I suppose a system where data could be lost if buffered in RAM for up to 30s could replicate to other hosts in the cluster with the (perhaps naïve) intuition that the probability of > 1 hosts going down within the same 30s interval is low -- "someone's got the data somewhere!". Of course, if they are on the same source of power... :)

One could use a consistent hashing scheme as employed in Riak and others for read operations in such a setup and thus be a bit more fault-tolerant (hand waving a bit).

This is without any hard-earned experience with this other than reading... Thoughts?

ehsanul · on Feb 8, 2010

I have no hard-earned experience with this myself. I've just been thinking about it myself a lot because I have a potentially write-intensive application in the works, and I'm anticipating aperformance issues with writes (but I should probably find out if it actually is an issue). My goal is to squeezing as much performance as I can from as few machines - I'm poor.

To explain my use case.. I'm basically storing a graph in MongoDB, which is a document/object based database. Reads would consist of enumerating a node's edges. Writes would be adding nodes/edges and updating edge weights. It would perform best on reads if I just had one contiguous object for each node, holding information about all nodes connected to it, as well as edge weights. But since some nodes may have too many connected nodes, they are divided in the database by the page they would show up on in the application, as ranked by edge weight. So an object with id 'node1page1' holds information about the top 10 ranked connecting nodes.

Now, if that made any sense, the problem: Edge weights change according to votes from users. So when a weight changes, ranks change, and I've structured things in such a way that the computation of ranks is basically pushed to the write rather than the read. So when someone checks 'node1page2' and votes a node on page 2 up, the corresponding edge weight changes and may require that node's information to be shifted to 'node1page1', while the lowest edge on 'node1page1' is to be shifted to 'node1page2'.

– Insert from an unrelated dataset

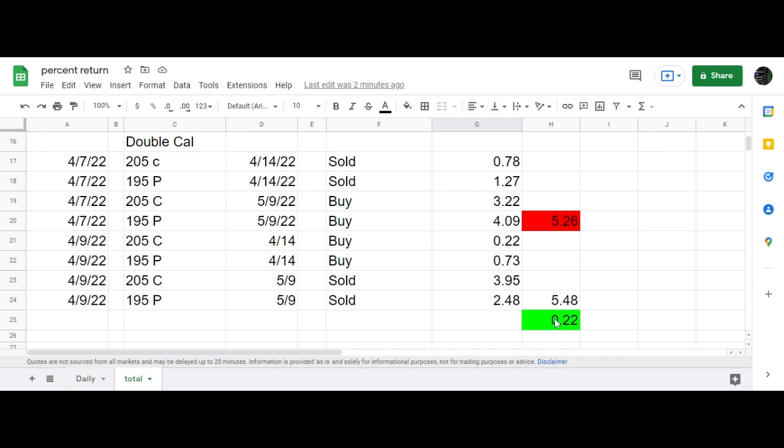One reason I closed it out for that small profit is I was looking for a larger profit. But as the market was selling off and getting closer to the 195 put, I decided to just take 5% out.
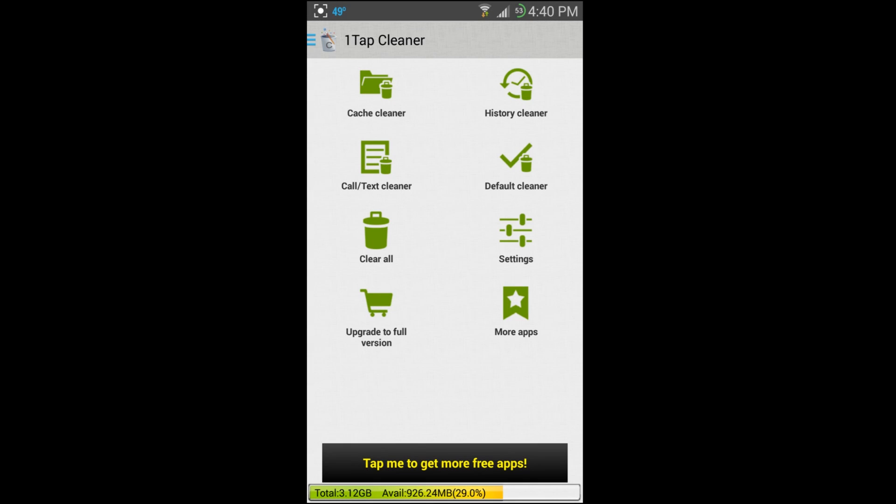How's it going guys, today I have an app review here for this application. It's called One Tap Cleaner and I'm going to try to go through everything I can on this application to show you how it functions. It does have some neat little functions in it.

So what's happened here is that while I've made reads fast by requiring just a lookup, writes become complicated. And here's where the buffering of writes comes in. Perhaps I'm overthinking all this, but like I said, I'm poor.

Replication in-memory would definitely be useful, especially for a larger cluster with some spare capacity. You'd probably have good power redundancy when running a large cluster, so single machine failures would be much more common than a total cluster failure I'd think (no hard data here, but seems reasonable enough). So I don't think it's all that naive to believe that generally more than one host would not go down within 30s.

Even if the whole cluster does go down, you should only be doing this with low-value data. In my application's case, losing 30 seconds of votes is no big deal at all, I'd be much more concerned with getting the machine(s) back up.

z8000 · on Feb 9, 2010

I'm in the same low-cost-seeking mode as you, self-funding a teeny "startup" for iPhone services (along with 1000s of other developers) including multiplayer gaming (along with 10s of others developers).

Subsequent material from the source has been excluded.